Exercise goal
Everything from the line containing "Nồi lẩu an toàn" through the last line of the listing below should be returned exactly, except for pictures.

Source data
((

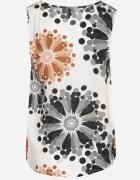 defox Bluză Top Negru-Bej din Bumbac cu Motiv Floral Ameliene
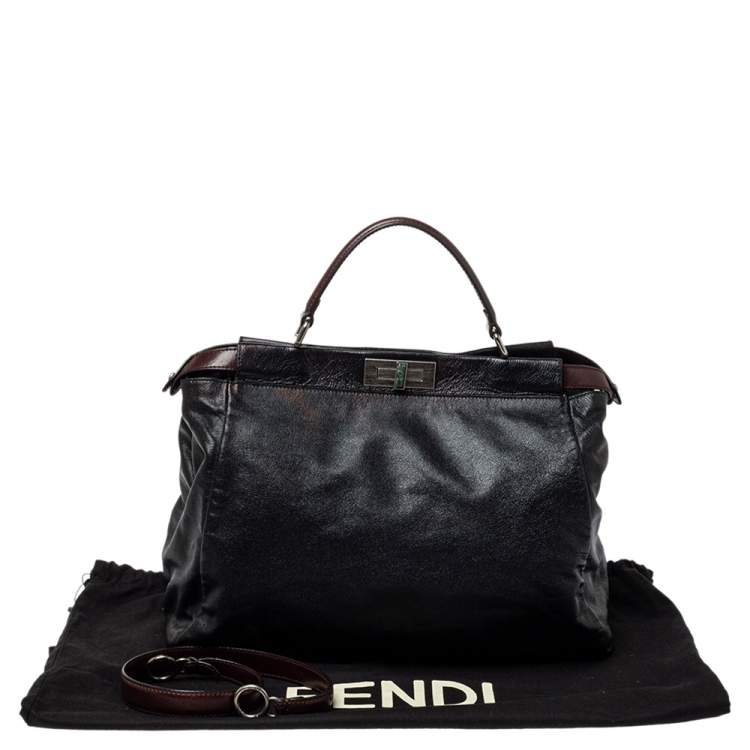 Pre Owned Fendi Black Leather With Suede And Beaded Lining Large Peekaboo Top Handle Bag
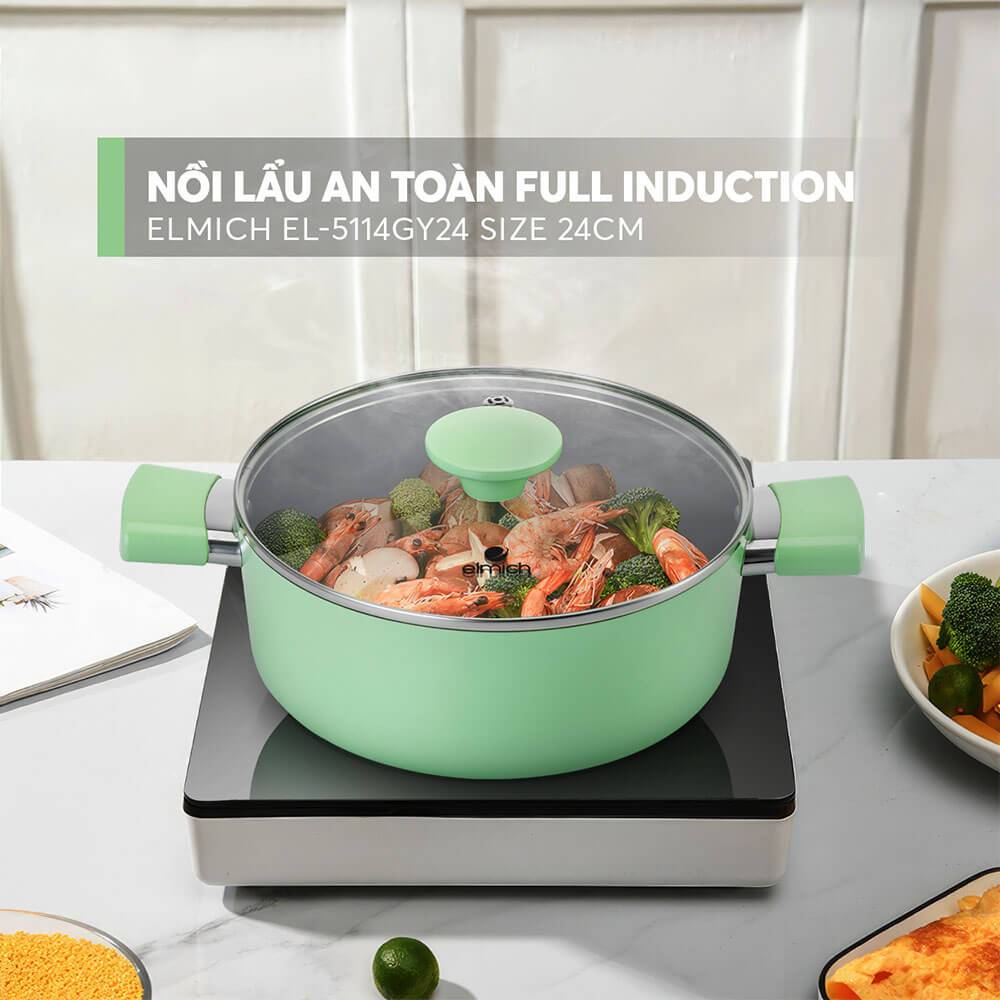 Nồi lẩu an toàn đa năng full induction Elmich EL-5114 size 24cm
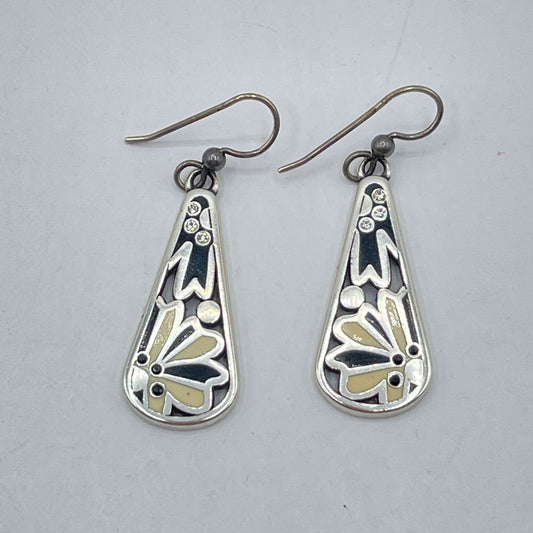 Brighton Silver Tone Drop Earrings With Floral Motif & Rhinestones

))

Result of this exercise
 Nồi lẩu an toàn đa năng full induction Elmich EL-5114 size 24cm
 Brighton Silver Tone Drop Earrings With Floral Motif & Rhinestones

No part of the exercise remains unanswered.